Febrero de 2026: 5º más cálido en el mundo y extremadamente húmedo en el suroeste

Febrero de 2026 fue el quinto más cálido del registro conocido en el planeta. Los datos climáticos de Copernicus confirman que el último mes del invierno meteorológico volvió a registrar temperaturas elevadas a escala global, mientras Europa mostró un comportamiento térmico más irregular.
Además, se registró la tercera extensión de hielo marino en el Ártico más baja para este mes desde 1979.
Temperaturas globales muy elevadas para la época
El análisis climático del mes confirma que febrero de 2026 se situó entre los más cálidos registrados en el planeta. La temperatura media global del aire en superficie alcanzó aproximadamente 13,26 °C, lo que supone alrededor de 0,53 °C por encima del promedio del periodo 1991-2020.


Si se compara con la referencia climática preindustrial, la anomalía se aproxima a 1,49 °C, una cifra que mantiene al sistema climático muy cerca del umbral de calentamiento de 1,5 °C. Este contexto refuerza la tendencia observada en los últimos años, con meses invernales que continúan mostrando valores térmicos muy elevados.
Por este motivo, los climatólogos destacan el carácter excepcional del mes, ya que 2026 volvió a registrar un febrero especialmente cálido a escala global, situándose como el quinto más templado en los registros modernos.
Europa con anomalías térmicas desiguales
En el caso del continente europeo, el balance térmico fue algo distinto al global.

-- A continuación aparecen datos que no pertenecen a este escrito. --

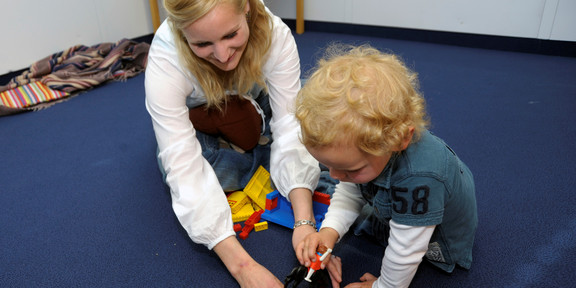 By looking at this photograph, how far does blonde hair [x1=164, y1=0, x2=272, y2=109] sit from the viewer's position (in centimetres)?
79

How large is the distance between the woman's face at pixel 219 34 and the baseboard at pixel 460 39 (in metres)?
2.11

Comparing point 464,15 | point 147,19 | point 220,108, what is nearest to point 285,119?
point 220,108

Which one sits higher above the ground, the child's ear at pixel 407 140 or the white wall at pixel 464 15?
the child's ear at pixel 407 140

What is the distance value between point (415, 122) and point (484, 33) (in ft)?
7.21

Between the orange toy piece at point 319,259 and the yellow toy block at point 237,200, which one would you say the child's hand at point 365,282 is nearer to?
the orange toy piece at point 319,259

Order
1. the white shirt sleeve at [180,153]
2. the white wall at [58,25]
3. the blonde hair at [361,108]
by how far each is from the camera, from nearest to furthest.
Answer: the blonde hair at [361,108] → the white shirt sleeve at [180,153] → the white wall at [58,25]

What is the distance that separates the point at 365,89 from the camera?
1.91 feet

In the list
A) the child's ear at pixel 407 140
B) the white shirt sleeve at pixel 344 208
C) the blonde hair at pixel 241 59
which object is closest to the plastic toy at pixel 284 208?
the white shirt sleeve at pixel 344 208

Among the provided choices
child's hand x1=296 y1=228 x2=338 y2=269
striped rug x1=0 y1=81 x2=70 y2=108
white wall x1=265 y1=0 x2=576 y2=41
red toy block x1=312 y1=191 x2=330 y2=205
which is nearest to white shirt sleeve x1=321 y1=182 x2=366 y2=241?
child's hand x1=296 y1=228 x2=338 y2=269

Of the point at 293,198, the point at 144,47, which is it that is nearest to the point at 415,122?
the point at 293,198

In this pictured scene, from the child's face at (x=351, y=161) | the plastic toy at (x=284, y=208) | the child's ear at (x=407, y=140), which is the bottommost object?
the plastic toy at (x=284, y=208)

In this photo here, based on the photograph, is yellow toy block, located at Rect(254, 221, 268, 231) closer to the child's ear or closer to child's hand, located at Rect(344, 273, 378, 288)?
child's hand, located at Rect(344, 273, 378, 288)

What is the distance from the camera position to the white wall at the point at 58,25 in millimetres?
2121

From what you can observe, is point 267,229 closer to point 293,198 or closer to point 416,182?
point 293,198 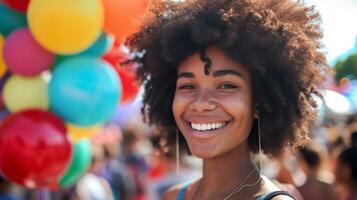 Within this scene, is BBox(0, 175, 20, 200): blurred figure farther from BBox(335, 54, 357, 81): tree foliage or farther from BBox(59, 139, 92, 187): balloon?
BBox(335, 54, 357, 81): tree foliage

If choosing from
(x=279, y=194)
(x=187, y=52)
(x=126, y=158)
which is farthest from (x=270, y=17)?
(x=126, y=158)

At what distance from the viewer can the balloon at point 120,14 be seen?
2.92m

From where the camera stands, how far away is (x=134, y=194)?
5.41 meters

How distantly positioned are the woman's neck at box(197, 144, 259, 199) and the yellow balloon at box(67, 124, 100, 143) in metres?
1.14

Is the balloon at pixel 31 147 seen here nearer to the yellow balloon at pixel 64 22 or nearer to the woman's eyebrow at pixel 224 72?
the yellow balloon at pixel 64 22

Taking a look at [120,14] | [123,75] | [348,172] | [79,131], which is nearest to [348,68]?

La temperatura media se situó ligeramente por debajo del promedio climático reciente, con una anomalía cercana a −0,1 °C respecto al periodo 1991-2020.

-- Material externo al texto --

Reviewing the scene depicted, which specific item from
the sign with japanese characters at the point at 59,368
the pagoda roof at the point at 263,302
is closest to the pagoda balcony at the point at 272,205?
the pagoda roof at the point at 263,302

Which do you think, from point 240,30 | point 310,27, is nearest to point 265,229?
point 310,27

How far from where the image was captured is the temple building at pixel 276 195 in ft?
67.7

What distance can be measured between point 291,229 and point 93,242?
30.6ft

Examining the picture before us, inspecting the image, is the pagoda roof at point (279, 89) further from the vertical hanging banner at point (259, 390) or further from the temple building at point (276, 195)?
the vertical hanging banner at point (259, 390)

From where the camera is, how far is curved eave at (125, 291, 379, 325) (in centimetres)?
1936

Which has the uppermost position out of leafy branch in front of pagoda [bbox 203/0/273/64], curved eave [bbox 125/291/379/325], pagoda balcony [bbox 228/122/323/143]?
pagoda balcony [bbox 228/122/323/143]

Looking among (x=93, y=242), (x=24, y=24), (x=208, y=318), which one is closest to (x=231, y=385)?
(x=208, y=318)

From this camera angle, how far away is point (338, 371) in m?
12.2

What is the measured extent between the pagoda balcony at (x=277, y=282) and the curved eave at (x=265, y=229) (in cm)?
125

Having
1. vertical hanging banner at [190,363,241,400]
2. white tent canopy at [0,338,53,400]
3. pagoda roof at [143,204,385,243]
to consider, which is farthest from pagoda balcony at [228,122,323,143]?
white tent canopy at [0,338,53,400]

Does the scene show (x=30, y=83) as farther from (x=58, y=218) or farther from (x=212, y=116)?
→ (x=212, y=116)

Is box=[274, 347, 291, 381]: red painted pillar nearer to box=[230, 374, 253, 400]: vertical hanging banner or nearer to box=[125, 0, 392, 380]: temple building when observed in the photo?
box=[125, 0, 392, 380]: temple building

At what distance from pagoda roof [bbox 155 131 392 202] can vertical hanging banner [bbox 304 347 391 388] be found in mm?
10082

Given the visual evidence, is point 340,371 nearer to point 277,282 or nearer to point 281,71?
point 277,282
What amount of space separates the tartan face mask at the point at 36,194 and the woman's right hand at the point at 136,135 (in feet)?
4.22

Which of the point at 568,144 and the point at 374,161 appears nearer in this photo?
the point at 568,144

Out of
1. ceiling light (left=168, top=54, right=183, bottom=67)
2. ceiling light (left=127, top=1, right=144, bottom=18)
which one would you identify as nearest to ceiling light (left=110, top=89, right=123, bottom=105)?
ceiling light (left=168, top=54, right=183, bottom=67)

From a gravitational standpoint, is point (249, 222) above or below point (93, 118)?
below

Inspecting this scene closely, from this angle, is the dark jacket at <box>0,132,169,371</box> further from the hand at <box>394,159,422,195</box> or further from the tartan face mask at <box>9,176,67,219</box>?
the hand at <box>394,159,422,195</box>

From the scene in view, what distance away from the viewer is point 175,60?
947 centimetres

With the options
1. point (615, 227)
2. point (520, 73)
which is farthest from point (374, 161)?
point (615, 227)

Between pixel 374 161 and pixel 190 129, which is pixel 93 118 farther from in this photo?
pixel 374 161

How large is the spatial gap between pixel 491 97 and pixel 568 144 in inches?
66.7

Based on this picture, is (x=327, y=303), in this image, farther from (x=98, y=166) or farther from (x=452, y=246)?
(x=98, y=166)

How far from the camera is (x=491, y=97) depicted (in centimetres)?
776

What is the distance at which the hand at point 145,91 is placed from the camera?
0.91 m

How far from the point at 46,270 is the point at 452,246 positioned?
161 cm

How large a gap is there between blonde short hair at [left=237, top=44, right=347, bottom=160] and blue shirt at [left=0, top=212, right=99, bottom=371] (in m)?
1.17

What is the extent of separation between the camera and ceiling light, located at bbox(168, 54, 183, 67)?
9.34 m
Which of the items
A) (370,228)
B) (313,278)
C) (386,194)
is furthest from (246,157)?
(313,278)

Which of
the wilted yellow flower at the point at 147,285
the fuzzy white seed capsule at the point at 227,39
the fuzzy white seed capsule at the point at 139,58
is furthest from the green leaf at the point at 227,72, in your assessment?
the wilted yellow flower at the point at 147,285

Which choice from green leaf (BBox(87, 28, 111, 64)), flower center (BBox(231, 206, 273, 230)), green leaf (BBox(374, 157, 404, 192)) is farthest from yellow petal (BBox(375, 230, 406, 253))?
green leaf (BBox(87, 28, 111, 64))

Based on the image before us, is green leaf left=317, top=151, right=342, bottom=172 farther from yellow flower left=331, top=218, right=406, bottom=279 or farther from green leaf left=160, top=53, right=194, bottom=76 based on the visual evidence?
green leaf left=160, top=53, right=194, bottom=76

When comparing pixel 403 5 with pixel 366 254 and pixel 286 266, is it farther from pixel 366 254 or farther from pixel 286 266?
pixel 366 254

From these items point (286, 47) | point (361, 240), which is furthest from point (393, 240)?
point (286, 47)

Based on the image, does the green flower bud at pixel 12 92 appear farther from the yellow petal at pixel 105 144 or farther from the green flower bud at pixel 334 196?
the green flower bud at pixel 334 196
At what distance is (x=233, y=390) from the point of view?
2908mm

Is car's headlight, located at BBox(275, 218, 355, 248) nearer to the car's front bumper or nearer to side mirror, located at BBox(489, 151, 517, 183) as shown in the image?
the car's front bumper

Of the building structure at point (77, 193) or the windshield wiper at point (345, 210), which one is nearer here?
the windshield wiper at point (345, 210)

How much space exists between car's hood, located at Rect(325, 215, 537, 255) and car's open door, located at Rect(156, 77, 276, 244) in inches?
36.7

Aun así, el comportamiento térmico dentro de Europa fue muy variable. Mientras algunas regiones del norte y del este experimentaron episodios relativamente fríos, zonas del oeste y del sur registraron periodos claramente más suaves de lo habitual.
Esta distribución desigual de las anomalías explica que el promedio continental no refleje completamente las situaciones templadas vividas en amplias áreas. En varios momentos del mes, masas de aire más cálidas procedentes del Atlántico afectaron a regiones occidentales del continente.
Océanos con temperaturas muy elevadas
El estado de los océanos continuó mostrando señales destacadas de calentamiento. La temperatura media de la superficie marina en gran parte del planeta se situó entre las más altas observadas para un mes de febrero, con valores cercanos a los máximos registrados en los últimos años.

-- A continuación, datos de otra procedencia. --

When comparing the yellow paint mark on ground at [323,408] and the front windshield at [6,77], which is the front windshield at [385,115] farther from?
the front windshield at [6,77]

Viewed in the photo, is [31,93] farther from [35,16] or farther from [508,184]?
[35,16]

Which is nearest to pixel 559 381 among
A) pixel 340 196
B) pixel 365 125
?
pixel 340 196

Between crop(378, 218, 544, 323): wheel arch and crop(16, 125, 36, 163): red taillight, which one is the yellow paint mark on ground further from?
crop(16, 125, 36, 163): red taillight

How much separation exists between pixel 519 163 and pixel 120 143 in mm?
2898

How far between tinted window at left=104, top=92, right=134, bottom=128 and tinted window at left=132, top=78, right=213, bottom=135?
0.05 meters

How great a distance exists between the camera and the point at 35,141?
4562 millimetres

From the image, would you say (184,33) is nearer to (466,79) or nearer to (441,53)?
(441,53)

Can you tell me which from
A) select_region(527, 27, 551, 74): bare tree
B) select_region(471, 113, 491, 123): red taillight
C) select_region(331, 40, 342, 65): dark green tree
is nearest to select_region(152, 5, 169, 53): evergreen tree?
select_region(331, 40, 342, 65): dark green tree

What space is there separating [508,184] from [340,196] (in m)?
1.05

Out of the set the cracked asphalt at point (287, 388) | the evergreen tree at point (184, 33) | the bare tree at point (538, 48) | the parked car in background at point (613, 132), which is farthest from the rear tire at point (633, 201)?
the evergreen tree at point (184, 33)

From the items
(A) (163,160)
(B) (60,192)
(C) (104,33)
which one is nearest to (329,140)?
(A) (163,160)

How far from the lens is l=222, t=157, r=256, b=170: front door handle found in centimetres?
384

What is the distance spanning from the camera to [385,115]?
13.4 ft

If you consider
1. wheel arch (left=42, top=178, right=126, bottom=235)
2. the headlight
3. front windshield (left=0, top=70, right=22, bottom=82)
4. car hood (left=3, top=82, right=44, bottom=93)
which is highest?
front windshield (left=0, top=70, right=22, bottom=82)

Los océanos desempeñan un papel fundamental en el sistema climático, ya que absorben gran parte del exceso de calor generado por el calentamiento global. Cuando estas temperaturas se mantienen elevadas, aumenta el intercambio de energía y humedad con la atmósfera, lo que puede influir en la evolución de los patrones meteorológicos.
Este contexto oceánico ayuda a entender por qué 2026 destacó por registrar un febrero con temperaturas globales muy elevadas.
Evolución del hielo marino en las regiones polares
El comportamiento del hielo marino también ofrece pistas sobre la evolución del clima. Durante el mes, la extensión del hielo ártico se situó alrededor de un 5 % por debajo del promedio, lo que la coloca entre las más reducidas observadas para esta época del año.

En el hemisferio sur, la extensión del hielo marino antártico se mantuvo más cercana a los valores habituales tras varios años con registros extremadamente bajos.
En conjunto, estos indicadores —temperatura del aire, calor oceánico y evolución del hielo marino— muestran un sistema climático que continúa registrando meses invernales cada vez más templados, como demuestra el comportamiento térmico observado durante febrero de 2026.